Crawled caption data
===============
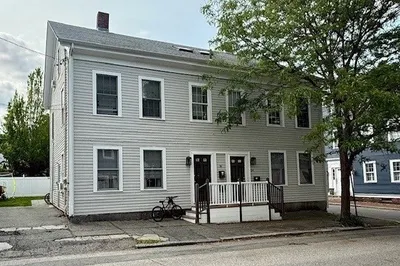 26 Strong St #A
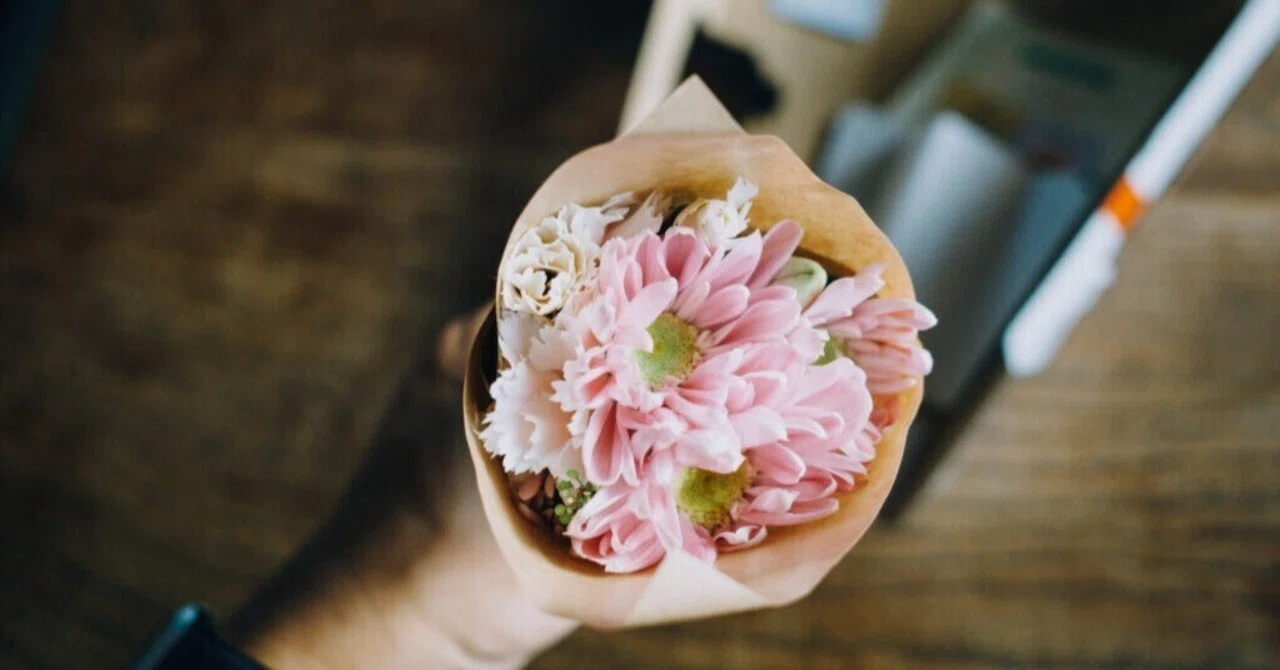 When I opened the Bloomee box, there was a small pink bouquet｜HAREO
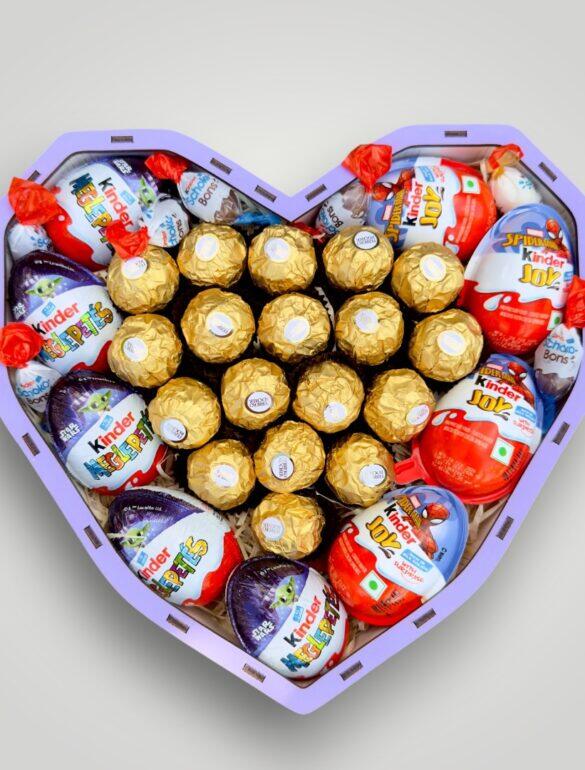 Подарунковий набір бокс для неї "Golden Kinder Surprise" №207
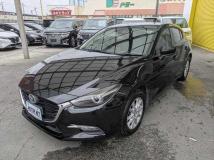 2017 Mazda Axela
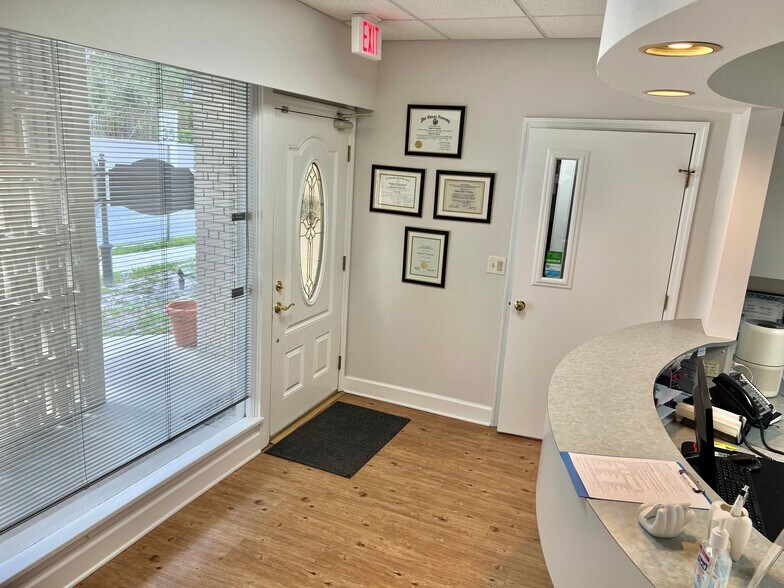 More Photos Of 2210 S Macdill Ave, Tampa Office For Sale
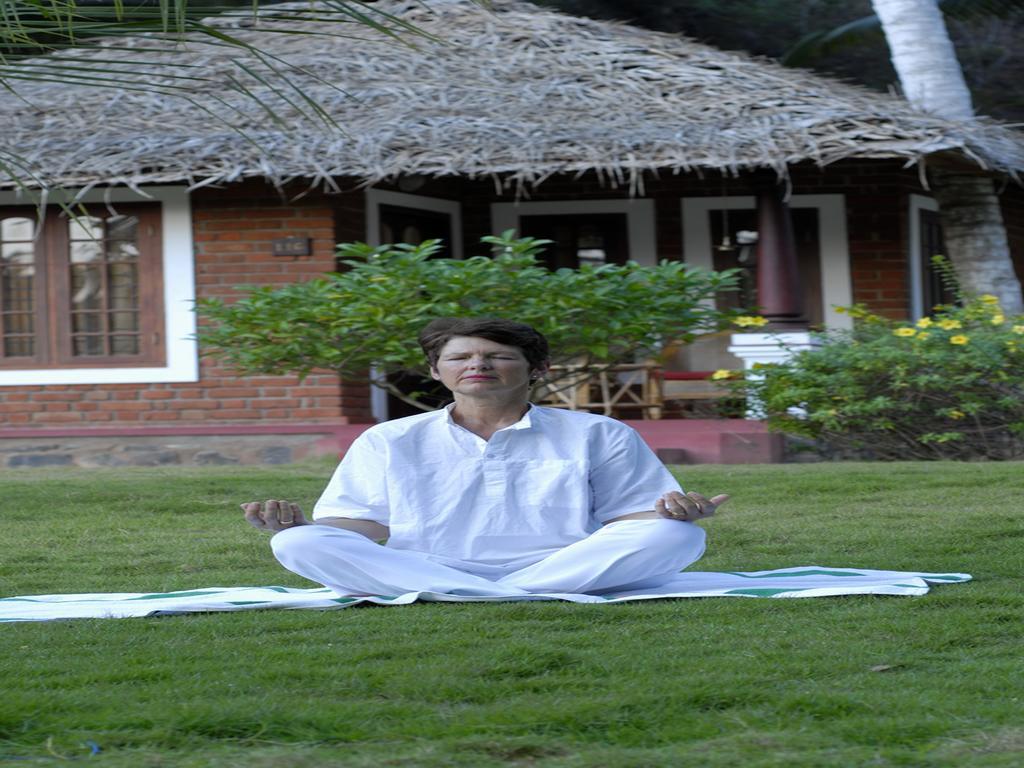 Abad Harmonia Ayurvedic Beach Resort Kovalam Eksteriør bilde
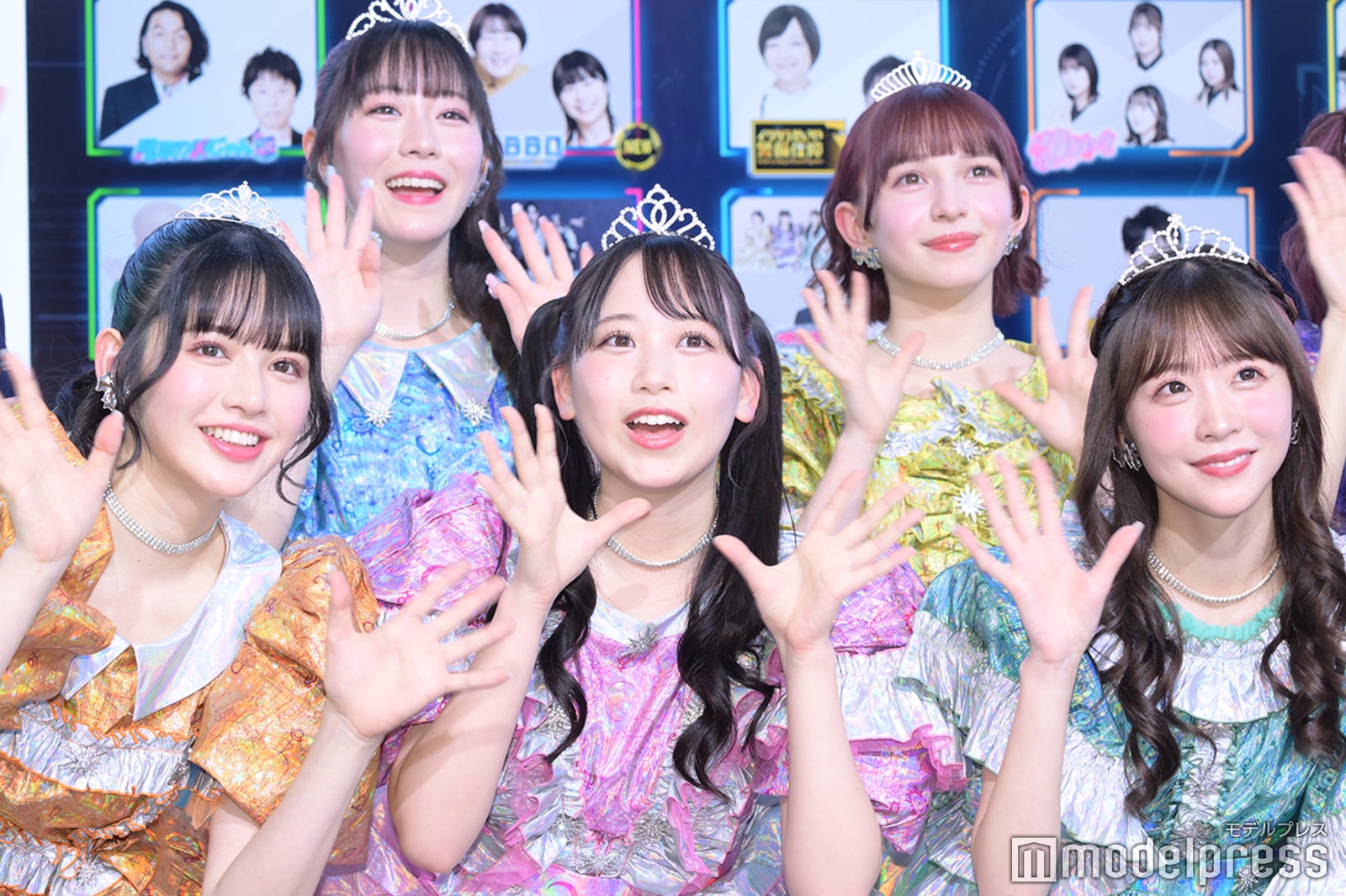 （上段左から）真中まな、早瀬ノエル（下段左から）鎮西寿々歌、松本かれん、櫻井優衣／FRUITS ZIPPE（C）モデルプレス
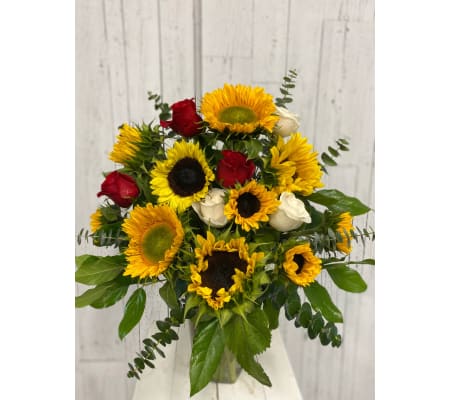 Sunflower bouquet with Roses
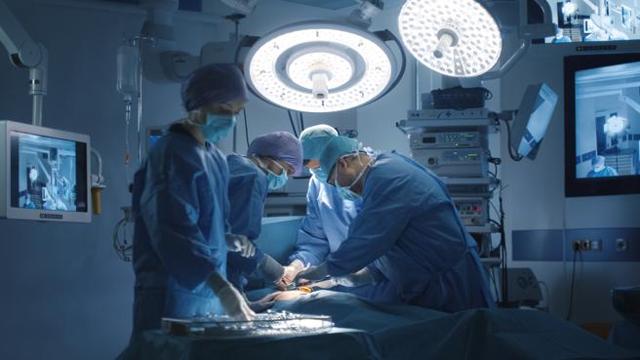 Dramma: neonato morto dopo il parto, la madre è in discrete condizioni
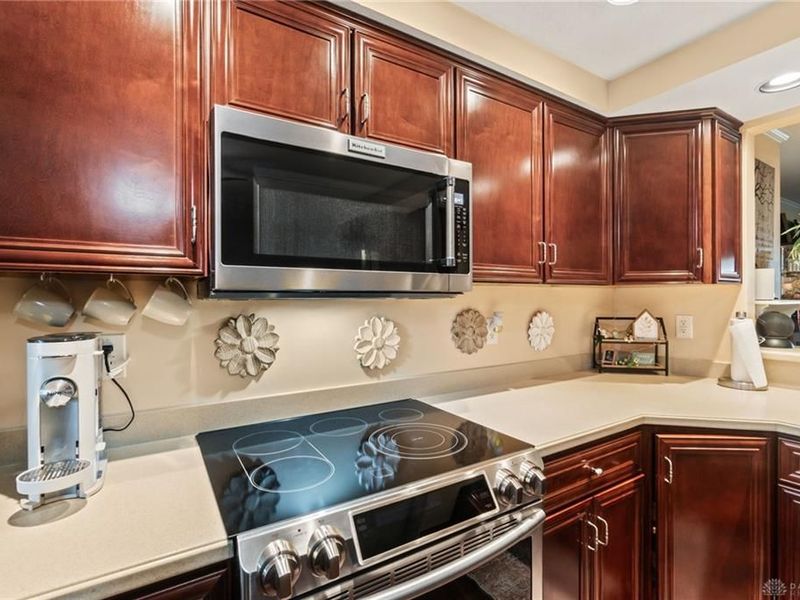 7147 Chadbourne Drive, Huber Heights, OH 45424 Photo 13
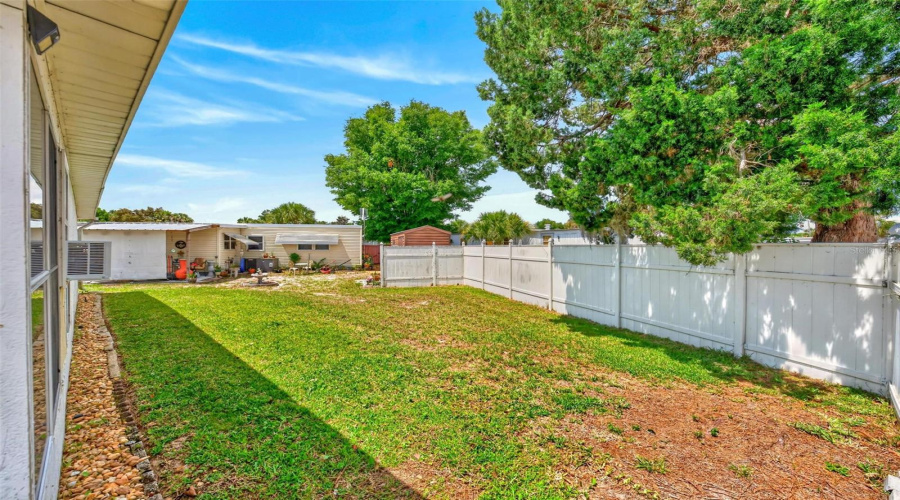 Tavares, Florida 32778, 3 Bedroom Bedrooms, ,2 Bathroombathrooms,Residential,For Sale,Howard,0,Mfrg5112594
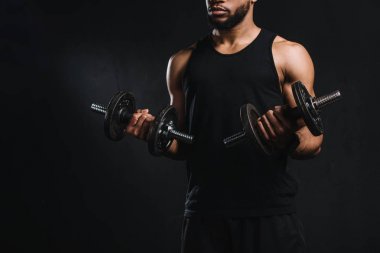 siyah izole dumbbells ile egzersiz kas Afro-Amerikan adamın kırpılmış atış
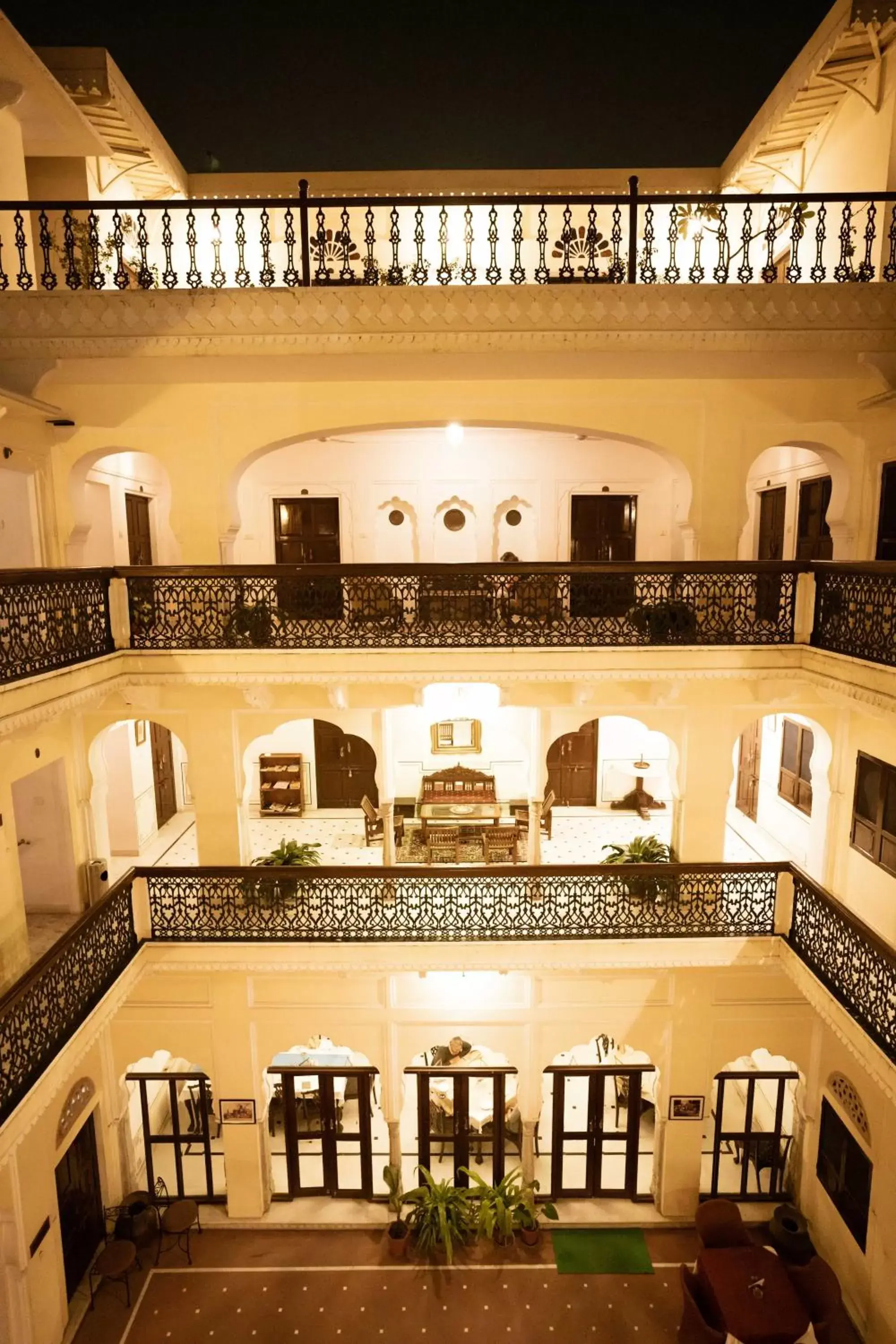 Night in Khandela Haveli - a Boutique Heritage Hotel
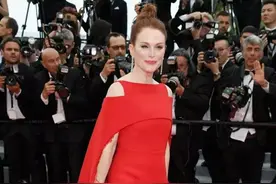 60岁大满贯影后朱丽安·摩尔坦承：她丈夫讨厌她拍摄性爱镜头图片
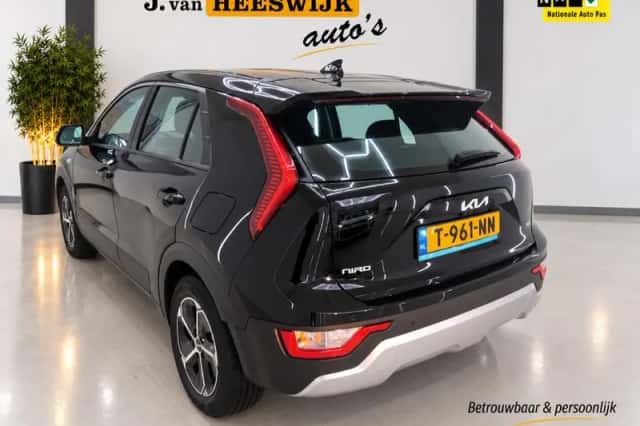 Kia Niro (2023) thumbnail 6
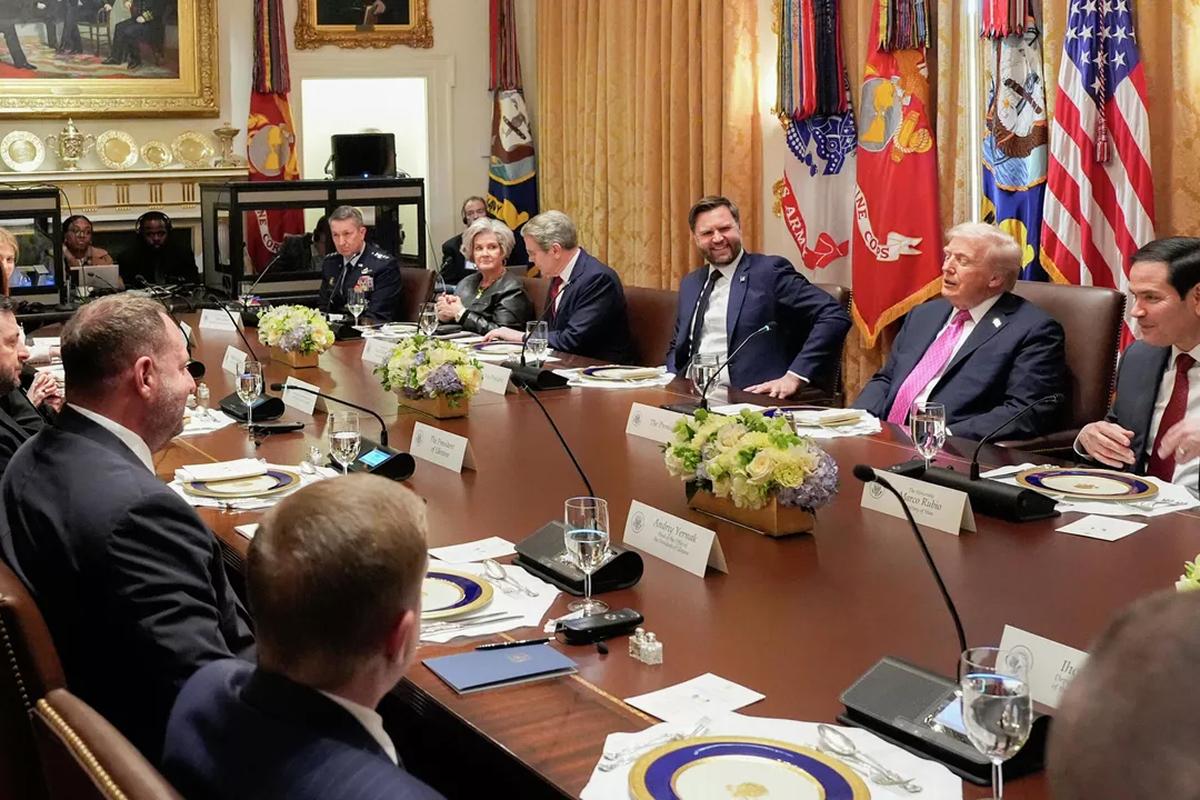 Трамп отказал Зеленскому в ракетах Tomahawk и пожаловался на Нобелевскую премию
===============
--- THE TASK ---
Nothing but the lines above from the line with "Abad Harmonia Ayurvedic" up to and including the line with "Kia Niro (2023) thumbnail 6" should be returned, exactly as written and without pictures.

--- REPLY ---
 Abad Harmonia Ayurvedic Beach Resort Kovalam Eksteriør bilde
 （上段左から）真中まな、早瀬ノエル（下段左から）鎮西寿々歌、松本かれん、櫻井優衣／FRUITS ZIPPE（C）モデルプレス
 Sunflower bouquet with Roses
 Dramma: neonato morto dopo il parto, la madre è in discrete condizioni
 7147 Chadbourne Drive, Huber Heights, OH 45424 Photo 13
 Tavares, Florida 32778, 3 Bedroom Bedrooms, ,2 Bathroombathrooms,Residential,For Sale,Howard,0,Mfrg5112594
 siyah izole dumbbells ile egzersiz kas Afro-Amerikan adamın kırpılmış atış
 Night in Khandela Haveli - a Boutique Heritage Hotel
 60岁大满贯影后朱丽安·摩尔坦承：她丈夫讨厌她拍摄性爱镜头图片
 Kia Niro (2023) thumbnail 6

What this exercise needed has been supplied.